Tiering reports for EMC’s FAST VP

Note: On a separate blog post, I shared a script to generate a report of the tiering status of all LUNs.

One of the items that EMC did not implement along with FAST VP is the ability to run a canned report on how your LUNs are being allocated among the different tiers of storage.  While there is no canned report, alas, it is possible to get this information from the CLI.

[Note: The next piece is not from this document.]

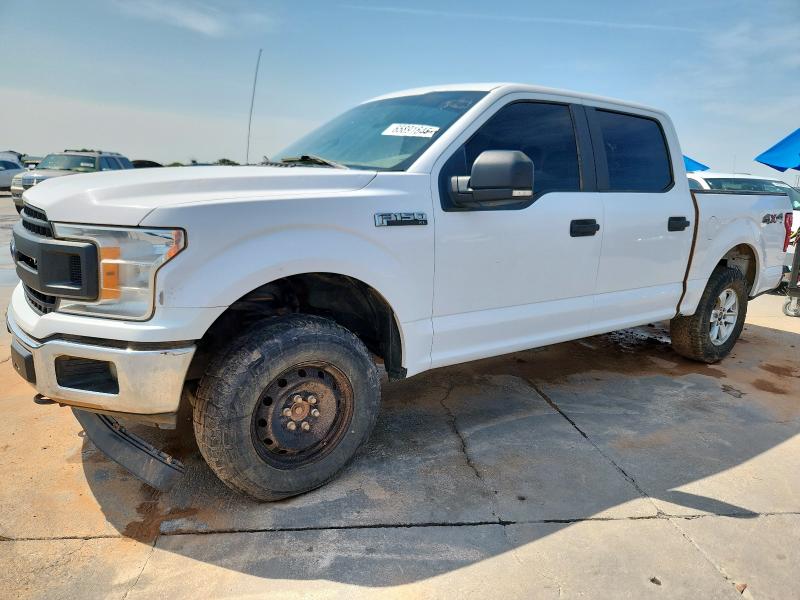 FORD F150 SUPER 2019 with VIN 1FTEW1E50KKE41276 - Photo from auction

The naviseccli –h {SP IP or hostname} lun –list –tiers command fits the bill. It shows how a specific LUN is distributed across the different drive types.  I still need to come up with a script to pull out only the information that I want, but the info is definitely in the command’s output.

Here’s the sample output:

LOGICAL UNIT NUMBER 6
 Name:  LUN 6
 Tier Distribution:
 Flash:  13.83%
 FC:  86.17%

The storagepool report gives some good info as well.  Here’s an excerpt of what you see with the naviseccli –h {SP IP or hostname} storagepool –list –tiers command:

SPA

Tier Name:  Flash
 Raid Type:  r_5
 User Capacity (GBs):  1096.07
 Consumed Capacity (GBs):  987.06
 Available Capacity (GBs):  109.01
 Percent Subscribed:  90.05%
 Data Targeted for Higher Tier (GBs):  0.00
 Data Targeted for Lower Tier (GBs):  11.00

Tier Name:  FC
 Raid Type:  r_5
 User Capacity (GBs):  28981.77
 Consumed Capacity (GBs):  10592.65
 Available Capacity (GBs):  18389.12
 Percent Subscribed:  36.55%

Tier Name:  SATA
 Raid Type:  r_5
 User Capacity (GBs):  11004.67
 Consumed Capacity (GBs):  260.02
 Available Capacity (GBs):  10744.66
 Percent Subscribed:  2.36%
 Data Targeted for Higher Tier (GBs):  3.00
 Data Targeted for Lower Tier (GBs):  0.00
 Disks (Type):

SPB

Tier Name:  Flash
 Raid Type:  r_5
 User Capacity (GBs):  1096.07
 Consumed Capacity (GBs):  987.06
 Available Capacity (GBs):  109.01
 Percent Subscribed:  90.05%
 Data Targeted for Higher Tier (GBs):  0.00
 Data Targeted for Lower Tier (GBs):  25.00

Tier Name:  FC
 Raid Type:  r_5
 User Capacity (GBs):  28981.77
 Consumed Capacity (GBs):  10013.61
 Available Capacity (GBs):  18968.16
 Percent Subscribed:  34.55%
 Data Targeted for Higher Tier (GBs):  25.00
 Data Targeted for Lower Tier (GBs):  0.00

Tier Name:  SATA
 Raid Type:  r_5
 User Capacity (GBs):  11004.67
 Consumed Capacity (GBs):  341.02
 Available Capacity (GBs):  10663.65
 Percent Subscribed:  3.10%
 Data Targeted for Higher Tier (GBs):  20.00
 Data Targeted for Lower Tier (GBs):  0.00

Good stuff in there.   It’s on my to-do list to run these commands periodically, and then parse the output to filter out only what I want to see.  Once I get that done I’ll post the script here too.

Note: I did create and post a script to generate a report of the tiering status of all LUNs.